#### [Task item]
Return nothing but the lines from the line with "秘制鸡丝半皮半面-媛媛家秘制鸡丝凉皮(陆慕店)" through the last line of the entries that follow, copied exactly and free of pictures.

#### [Data extracts]
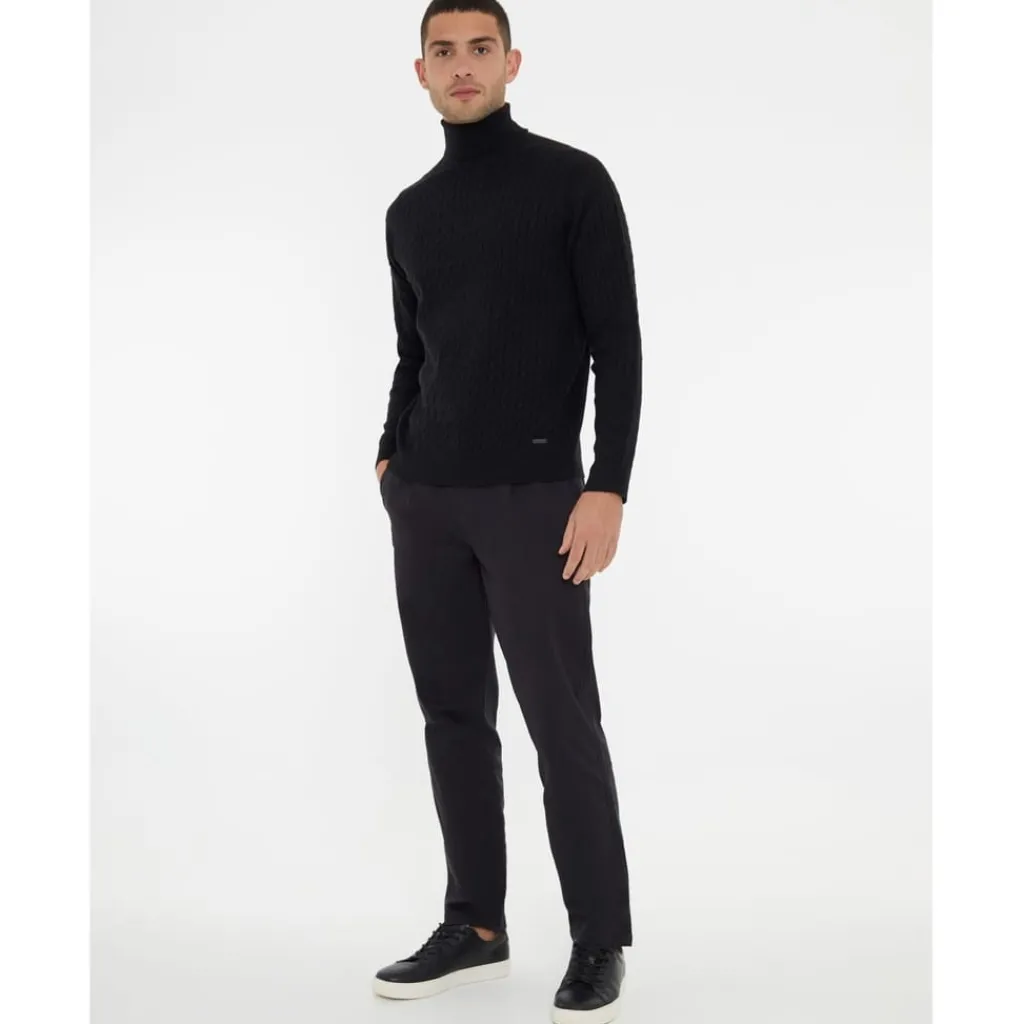 Knitwear*Threadbare Turtleneck Regular Fit Sweater in Black
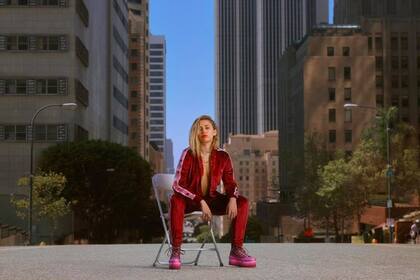 Miley Cyrus versión un clásico navideño de John Lennon y Yoko Ono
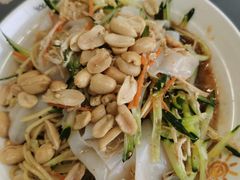 秘制鸡丝半皮半面-媛媛家秘制鸡丝凉皮(陆慕店)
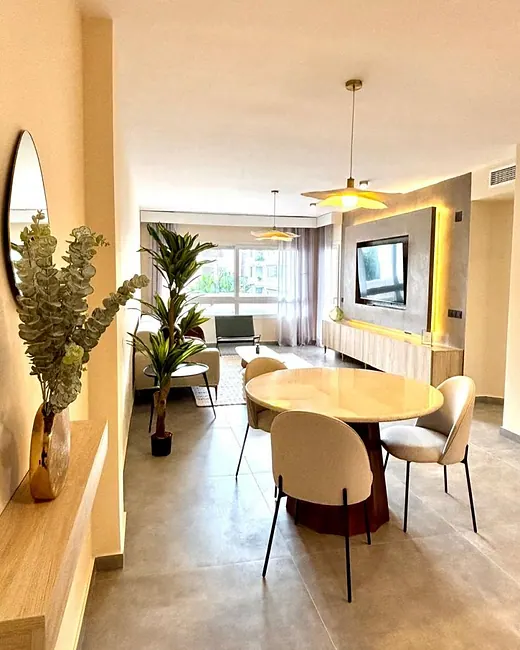 Luxury villa-style finishes in this exclusive apartment on the Mediterranean · 2/21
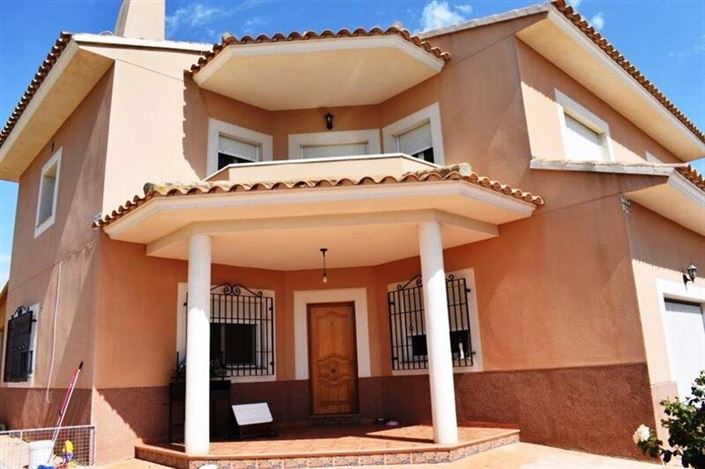 Image No.2-3 Bed Villa for sale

#### [Finished task]
 秘制鸡丝半皮半面-媛媛家秘制鸡丝凉皮(陆慕店)
 Luxury villa-style finishes in this exclusive apartment on the Mediterranean · 2/21
 Image No.2-3 Bed Villa for sale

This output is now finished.